Zaffino reminded listeners that AIG placed more than 35 treaties at 1/1 with over 65 discrete layers, and over $12 billion of limit placed, as the insurer ceded $3 billion+ of premium to the market.
After a number of years where the insurer’s underwriting performance was dented by natural catastrophe losses, reducing the volatility of its book has been a top priority.
As highlighted by Zaffino, AIG has “very strong relationships with our reinsurance partners and the support we receive in the marketplace is evident in the quality of the overall reinsurance program.”
Continuing to explain that, “We continue to make meaningful improvements to our core placements in every major treaty on January 1st. And, as a result, continue to reduce volatility in our portfolio.”
During the call, Zaffino provided some key highlights of the 2022 reinsurance program, which includes improvements to both the per-occurrence and aggregate structures for its global commercial business within its property catastrophe treaty.
“For the North America per-occurrence property cat treaty, we lowered our attachment points $250 million for all perils, which is a reduction from our core 2021 program that had staggered attachment points depending on peril, that ranged from $200 million to $500 million, and we maintained our per-occurrence attachment points International, which are $200 million for Japan and $100 million for the rest of the world,” said Zaffino.
“For our global shared limit aggregate recover, we were able to reduce our attachment point in every region across the world, most notably $100 million reduction in the attachment point in North America.
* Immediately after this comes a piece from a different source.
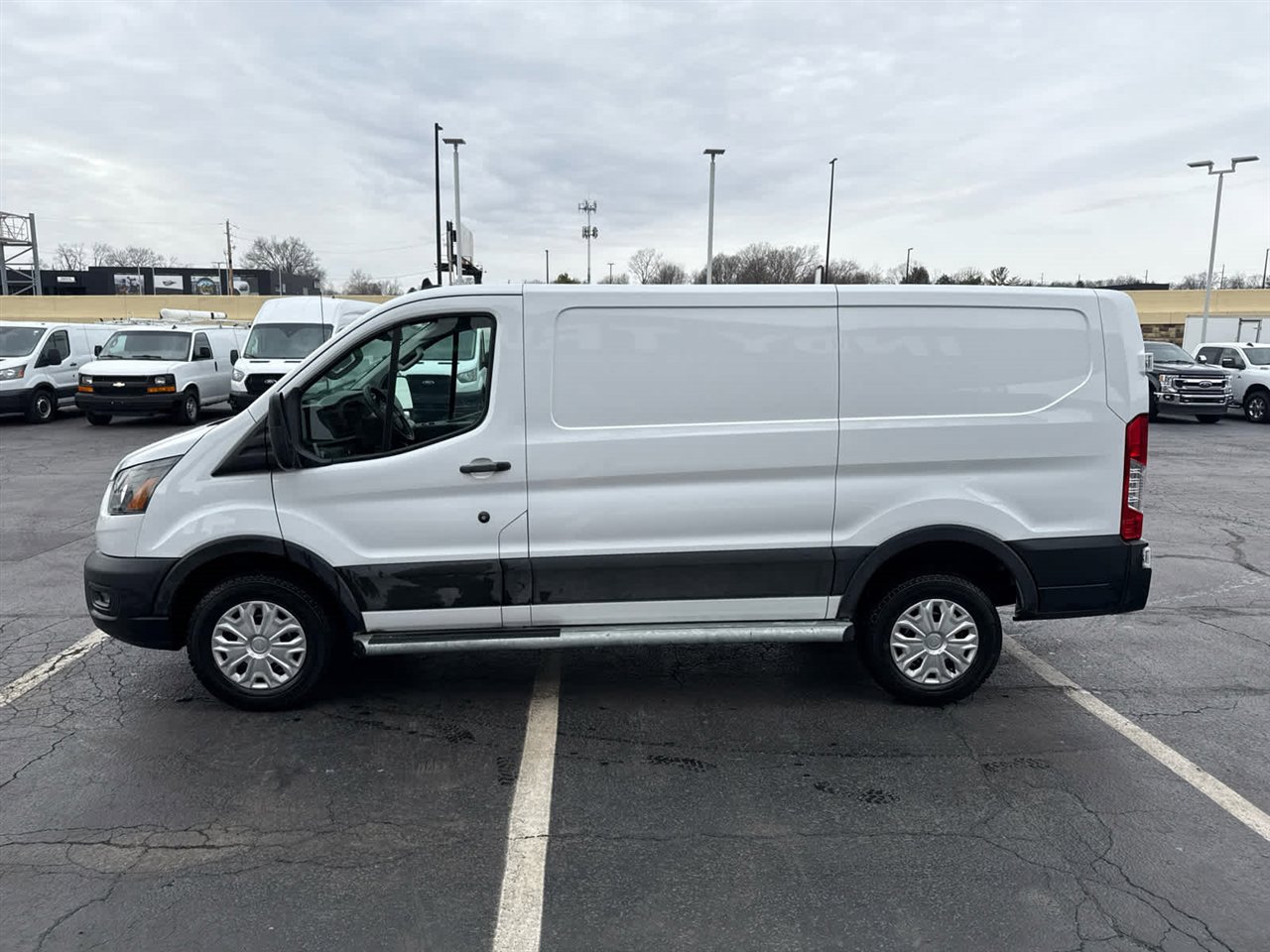Used 2024 Ford Transit 250 w/ Exterior Upgrade Package image 5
For our global shared limit, each and every deductible remain the same, or reduced in every global region, most notably a $25 million reduction in North American named storms.
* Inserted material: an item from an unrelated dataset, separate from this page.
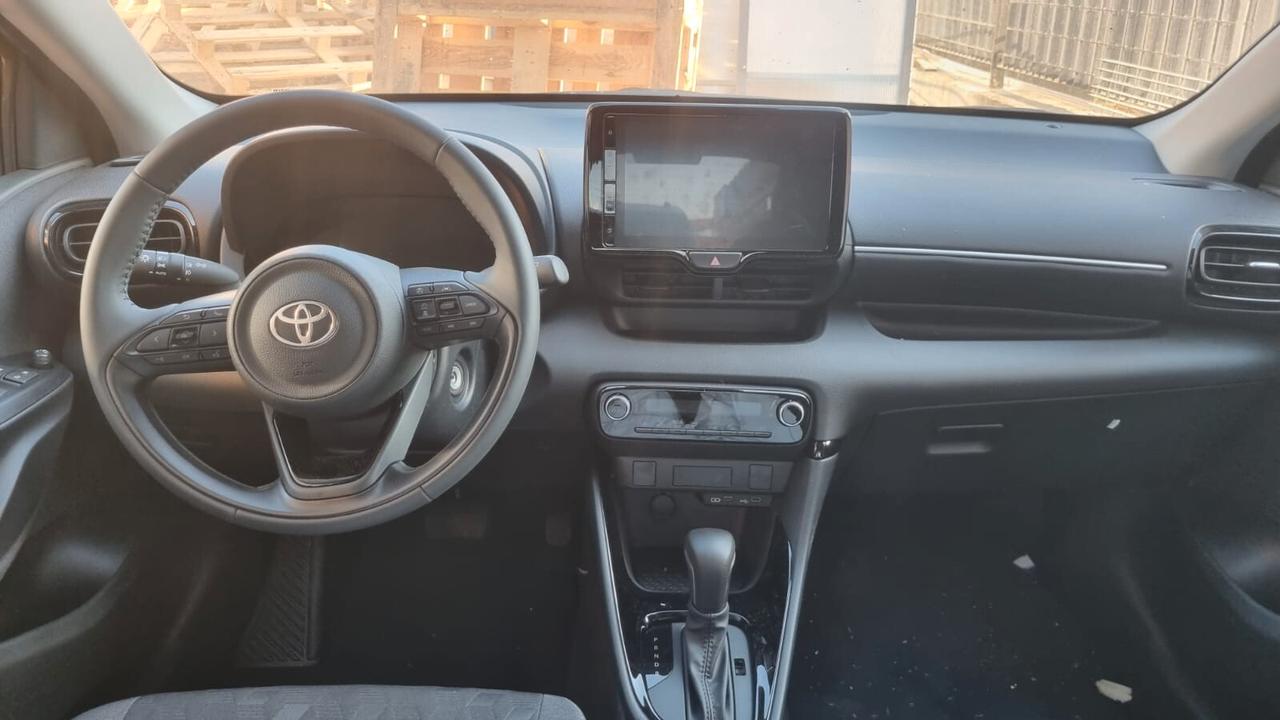Toyota Yaris 1.5 Hybrid 5 porte Trend INCIDENTATA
“Our attachment point return periods are the same or lower in every region across the world, when compared to our 2021 core reinsurance program and our exhaustion period returns are higher in every instance across the world, on an OEP and AEP basis,” he continued.
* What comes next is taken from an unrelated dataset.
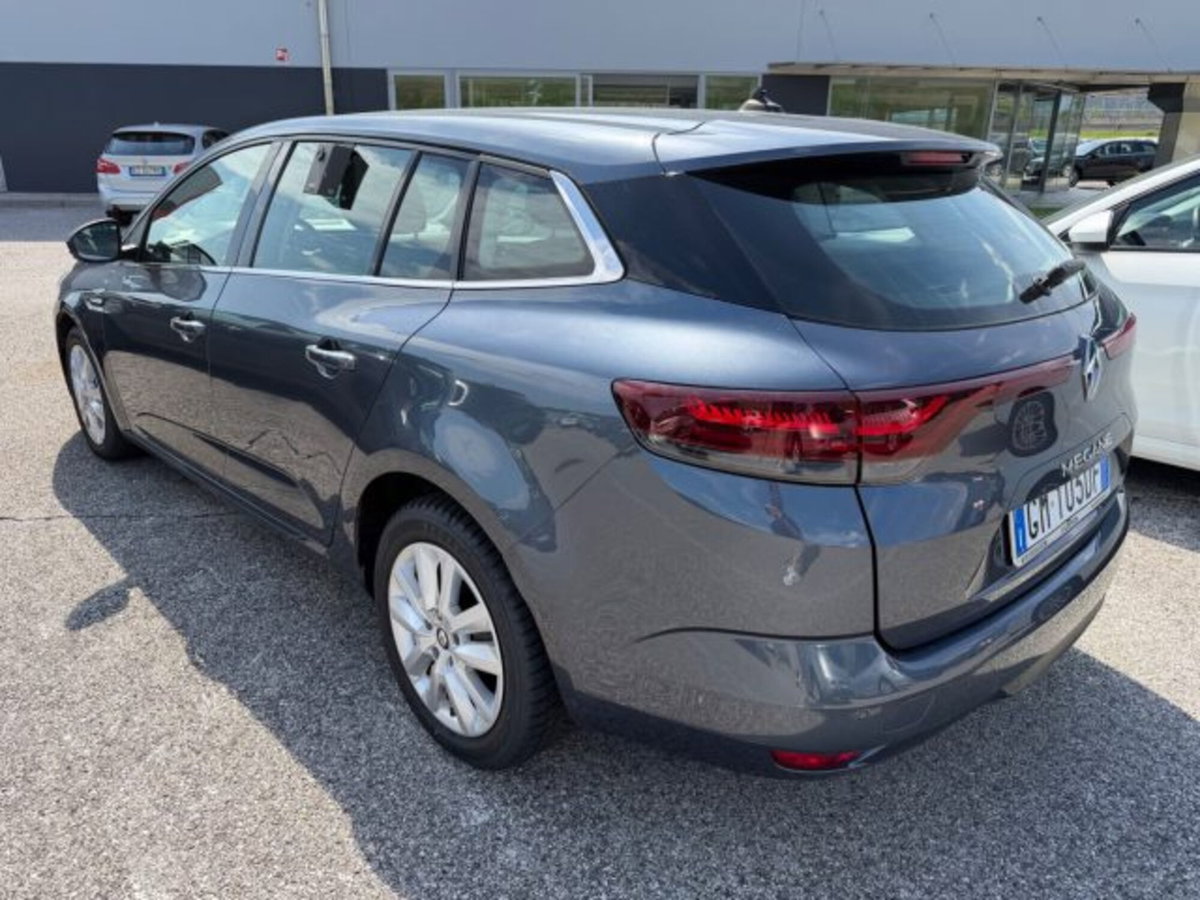 Renault Mégane Sporter Blue dCi 115 CV EDC Equilibre (6)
In light of the recent heavy catastrophe years and the hardening reinsurance market environment, it’s impressive that AIG has managed to secure better terms on its aggregate reinsurance at 1/1.
Furthermore, the company has managed to further reduce the volatility of its book to better suit its underwriting strategy and has done this at a lower cost than in the previous year.
“We achieved these significant improvements while modestly reducing the total aggregate reinsurance cat spend,” explained Zaffino.
At the same time, AIG reduced its net limits on its excess of loss treaty in both North America and International within its core casualty reinsurance treaty at Jan 1st.
However, “our proportional core North American placement we maintained the same cession amount while improving our ceding commission by 400 basis points, which represents an 800 basis point improvement over the last 24 months, reflecting our significantly improved underwriting and recognition from the reinsurance market.”
The final update provided Zaffino on the firm’s reinsurance placements at 1/1 concerned its cyber business, where it renewed its cyber reinsurance structure with additional quota share cede increasing from 60% to 70%, and the aggregate placement attaching at 85%, against a 90% loss ratio.
“The tight terms and conditions and discipline in our portfolio, along with significant rate increase we achieved during the year, we were able to secure more quota share authorisation, which is a great example of the reinsurance markets flight to quality,” said Zaffino.
The earnings call followed the release of AIG’s fourth quarter and 2021 results, where it produced a General Insurance combined ratio of 92.4% amid an improved underwriting performance across the group.